> **ASSIGNED TASK**:
An exact transcription of the data below is needed.
SUPPLIED INFORMATION Start Marker
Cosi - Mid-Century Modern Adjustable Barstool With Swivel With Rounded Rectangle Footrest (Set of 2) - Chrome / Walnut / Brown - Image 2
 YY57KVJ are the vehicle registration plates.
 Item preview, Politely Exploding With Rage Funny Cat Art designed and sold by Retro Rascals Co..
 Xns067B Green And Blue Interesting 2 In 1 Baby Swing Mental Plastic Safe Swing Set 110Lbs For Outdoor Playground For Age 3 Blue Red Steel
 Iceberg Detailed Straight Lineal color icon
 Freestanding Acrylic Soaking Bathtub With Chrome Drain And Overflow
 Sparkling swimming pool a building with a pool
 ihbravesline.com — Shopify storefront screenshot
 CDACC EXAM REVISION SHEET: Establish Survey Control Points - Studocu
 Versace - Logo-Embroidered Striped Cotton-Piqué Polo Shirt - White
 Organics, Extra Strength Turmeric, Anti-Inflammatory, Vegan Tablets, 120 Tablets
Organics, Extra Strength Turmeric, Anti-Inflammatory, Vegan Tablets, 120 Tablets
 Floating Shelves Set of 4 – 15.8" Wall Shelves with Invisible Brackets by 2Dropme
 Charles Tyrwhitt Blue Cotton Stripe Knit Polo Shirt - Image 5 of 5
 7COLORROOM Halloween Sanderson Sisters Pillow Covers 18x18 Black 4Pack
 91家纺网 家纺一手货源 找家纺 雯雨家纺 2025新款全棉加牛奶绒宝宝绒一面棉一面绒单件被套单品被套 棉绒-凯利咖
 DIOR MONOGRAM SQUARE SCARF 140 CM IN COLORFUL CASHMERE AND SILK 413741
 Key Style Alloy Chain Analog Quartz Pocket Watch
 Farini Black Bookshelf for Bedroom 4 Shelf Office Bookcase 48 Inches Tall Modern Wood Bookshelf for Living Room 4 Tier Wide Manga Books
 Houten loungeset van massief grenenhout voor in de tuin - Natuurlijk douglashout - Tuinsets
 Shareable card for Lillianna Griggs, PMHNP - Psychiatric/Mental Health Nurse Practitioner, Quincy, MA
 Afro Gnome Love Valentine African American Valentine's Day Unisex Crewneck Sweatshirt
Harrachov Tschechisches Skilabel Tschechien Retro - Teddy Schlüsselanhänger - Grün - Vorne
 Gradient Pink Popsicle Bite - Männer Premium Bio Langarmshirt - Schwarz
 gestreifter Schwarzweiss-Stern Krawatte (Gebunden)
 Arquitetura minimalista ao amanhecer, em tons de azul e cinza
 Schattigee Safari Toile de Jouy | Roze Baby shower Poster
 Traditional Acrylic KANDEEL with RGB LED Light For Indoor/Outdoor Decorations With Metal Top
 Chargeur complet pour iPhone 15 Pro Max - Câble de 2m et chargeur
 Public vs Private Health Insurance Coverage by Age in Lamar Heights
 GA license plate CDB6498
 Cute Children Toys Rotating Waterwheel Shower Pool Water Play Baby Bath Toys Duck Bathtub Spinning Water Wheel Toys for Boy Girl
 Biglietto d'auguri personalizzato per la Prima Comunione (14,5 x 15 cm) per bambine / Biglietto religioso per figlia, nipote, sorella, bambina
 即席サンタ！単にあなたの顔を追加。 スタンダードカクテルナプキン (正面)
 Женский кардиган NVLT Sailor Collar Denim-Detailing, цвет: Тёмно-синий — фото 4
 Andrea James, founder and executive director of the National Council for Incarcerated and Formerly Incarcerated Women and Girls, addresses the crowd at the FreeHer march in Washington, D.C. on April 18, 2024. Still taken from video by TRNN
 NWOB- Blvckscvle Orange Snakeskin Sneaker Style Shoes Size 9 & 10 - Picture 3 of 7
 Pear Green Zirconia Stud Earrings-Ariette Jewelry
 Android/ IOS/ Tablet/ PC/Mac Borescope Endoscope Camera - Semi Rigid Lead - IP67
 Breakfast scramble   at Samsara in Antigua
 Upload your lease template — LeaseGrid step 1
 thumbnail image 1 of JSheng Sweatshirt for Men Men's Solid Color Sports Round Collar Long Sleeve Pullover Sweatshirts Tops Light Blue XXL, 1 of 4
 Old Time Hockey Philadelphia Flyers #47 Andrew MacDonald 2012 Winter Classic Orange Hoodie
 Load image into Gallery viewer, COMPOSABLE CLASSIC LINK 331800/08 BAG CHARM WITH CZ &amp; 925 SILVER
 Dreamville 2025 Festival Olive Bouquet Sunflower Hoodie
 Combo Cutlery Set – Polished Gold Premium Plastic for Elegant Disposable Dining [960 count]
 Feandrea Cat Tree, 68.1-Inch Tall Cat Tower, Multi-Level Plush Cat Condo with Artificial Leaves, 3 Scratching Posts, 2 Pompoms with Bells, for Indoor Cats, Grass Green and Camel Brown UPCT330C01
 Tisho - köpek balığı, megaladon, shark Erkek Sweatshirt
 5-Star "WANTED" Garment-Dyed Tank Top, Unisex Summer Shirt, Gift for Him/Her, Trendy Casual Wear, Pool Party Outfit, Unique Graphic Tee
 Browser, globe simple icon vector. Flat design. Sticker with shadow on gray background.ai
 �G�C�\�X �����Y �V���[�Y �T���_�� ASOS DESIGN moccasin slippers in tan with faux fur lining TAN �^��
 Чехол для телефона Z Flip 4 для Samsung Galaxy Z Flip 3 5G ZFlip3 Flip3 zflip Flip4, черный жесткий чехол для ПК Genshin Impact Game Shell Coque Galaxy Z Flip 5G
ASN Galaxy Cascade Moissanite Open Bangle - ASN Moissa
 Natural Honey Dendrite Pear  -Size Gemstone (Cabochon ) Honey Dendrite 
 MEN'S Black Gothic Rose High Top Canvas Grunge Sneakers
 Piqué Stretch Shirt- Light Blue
SUPPLIED INFORMATION End Marker
> **WRITTEN RESPONSE**:
Cosi - Mid-Century Modern Adjustable Barstool With Swivel With Rounded Rectangle Footrest (Set of 2) - Chrome / Walnut / Brown - Image 2
 YY57KVJ are the vehicle registration plates.
 Item preview, Politely Exploding With Rage Funny Cat Art designed and sold by Retro Rascals Co..
 Xns067B Green And Blue Interesting 2 In 1 Baby Swing Mental Plastic Safe Swing Set 110Lbs For Outdoor Playground For Age 3 Blue Red Steel
 Iceberg Detailed Straight Lineal color icon
 Freestanding Acrylic Soaking Bathtub With Chrome Drain And Overflow
 Sparkling swimming pool a building with a pool
 ihbravesline.com — Shopify storefront screenshot
 CDACC EXAM REVISION SHEET: Establish Survey Control Points - Studocu
 Versace - Logo-Embroidered Striped Cotton-Piqué Polo Shirt - White
 Organics, Extra Strength Turmeric, Anti-Inflammatory, Vegan Tablets, 120 Tablets
Organics, Extra Strength Turmeric, Anti-Inflammatory, Vegan Tablets, 120 Tablets
 Floating Shelves Set of 4 – 15.8" Wall Shelves with Invisible Brackets by 2Dropme
 Charles Tyrwhitt Blue Cotton Stripe Knit Polo Shirt - Image 5 of 5
 7COLORROOM Halloween Sanderson Sisters Pillow Covers 18x18 Black 4Pack
 91家纺网 家纺一手货源 找家纺 雯雨家纺 2025新款全棉加牛奶绒宝宝绒一面棉一面绒单件被套单品被套 棉绒-凯利咖
 DIOR MONOGRAM SQUARE SCARF 140 CM IN COLORFUL CASHMERE AND SILK 413741
 Key Style Alloy Chain Analog Quartz Pocket Watch
 Farini Black Bookshelf for Bedroom 4 Shelf Office Bookcase 48 Inches Tall Modern Wood Bookshelf for Living Room 4 Tier Wide Manga Books
 Houten loungeset van massief grenenhout voor in de tuin - Natuurlijk douglashout - Tuinsets
 Shareable card for Lillianna Griggs, PMHNP - Psychiatric/Mental Health Nurse Practitioner, Quincy, MA
 Afro Gnome Love Valentine African American Valentine's Day Unisex Crewneck Sweatshirt
Harrachov Tschechisches Skilabel Tschechien Retro - Teddy Schlüsselanhänger - Grün - Vorne
 Gradient Pink Popsicle Bite - Männer Premium Bio Langarmshirt - Schwarz
 gestreifter Schwarzweiss-Stern Krawatte (Gebunden)
 Arquitetura minimalista ao amanhecer, em tons de azul e cinza
 Schattigee Safari Toile de Jouy | Roze Baby shower Poster
 Traditional Acrylic KANDEEL with RGB LED Light For Indoor/Outdoor Decorations With Metal Top
 Chargeur complet pour iPhone 15 Pro Max - Câble de 2m et chargeur
 Public vs Private Health Insurance Coverage by Age in Lamar Heights
 GA license plate CDB6498
 Cute Children Toys Rotating Waterwheel Shower Pool Water Play Baby Bath Toys Duck Bathtub Spinning Water Wheel Toys for Boy Girl
 Biglietto d'auguri personalizzato per la Prima Comunione (14,5 x 15 cm) per bambine / Biglietto religioso per figlia, nipote, sorella, bambina
 即席サンタ！単にあなたの顔を追加。 スタンダードカクテルナプキン (正面)
 Женский кардиган NVLT Sailor Collar Denim-Detailing, цвет: Тёмно-синий — фото 4
 Andrea James, founder and executive director of the National Council for Incarcerated and Formerly Incarcerated Women and Girls, addresses the crowd at the FreeHer march in Washington, D.C. on April 18, 2024. Still taken from video by TRNN
 NWOB- Blvckscvle Orange Snakeskin Sneaker Style Shoes Size 9 & 10 - Picture 3 of 7
 Pear Green Zirconia Stud Earrings-Ariette Jewelry
 Android/ IOS/ Tablet/ PC/Mac Borescope Endoscope Camera - Semi Rigid Lead - IP67
 Breakfast scramble   at Samsara in Antigua
 Upload your lease template — LeaseGrid step 1
 thumbnail image 1 of JSheng Sweatshirt for Men Men's Solid Color Sports Round Collar Long Sleeve Pullover Sweatshirts Tops Light Blue XXL, 1 of 4
 Old Time Hockey Philadelphia Flyers #47 Andrew MacDonald 2012 Winter Classic Orange Hoodie
 Load image into Gallery viewer, COMPOSABLE CLASSIC LINK 331800/08 BAG CHARM WITH CZ &amp; 925 SILVER
 Dreamville 2025 Festival Olive Bouquet Sunflower Hoodie
 Combo Cutlery Set – Polished Gold Premium Plastic for Elegant Disposable Dining [960 count]
 Feandrea Cat Tree, 68.1-Inch Tall Cat Tower, Multi-Level Plush Cat Condo with Artificial Leaves, 3 Scratching Posts, 2 Pompoms with Bells, for Indoor Cats, Grass Green and Camel Brown UPCT330C01
 Tisho - köpek balığı, megaladon, shark Erkek Sweatshirt
 5-Star "WANTED" Garment-Dyed Tank Top, Unisex Summer Shirt, Gift for Him/Her, Trendy Casual Wear, Pool Party Outfit, Unique Graphic Tee
 Browser, globe simple icon vector. Flat design. Sticker with shadow on gray background.ai
 �G�C�\�X �����Y �V���[�Y �T���_�� ASOS DESIGN moccasin slippers in tan with faux fur lining TAN �^��
 Чехол для телефона Z Flip 4 для Samsung Galaxy Z Flip 3 5G ZFlip3 Flip3 zflip Flip4, черный жесткий чехол для ПК Genshin Impact Game Shell Coque Galaxy Z Flip 5G
ASN Galaxy Cascade Moissanite Open Bangle - ASN Moissa
 Natural Honey Dendrite Pear  -Size Gemstone (Cabochon ) Honey Dendrite 
 MEN'S Black Gothic Rose High Top Canvas Grunge Sneakers
 Piqué Stretch Shirt- Light Blue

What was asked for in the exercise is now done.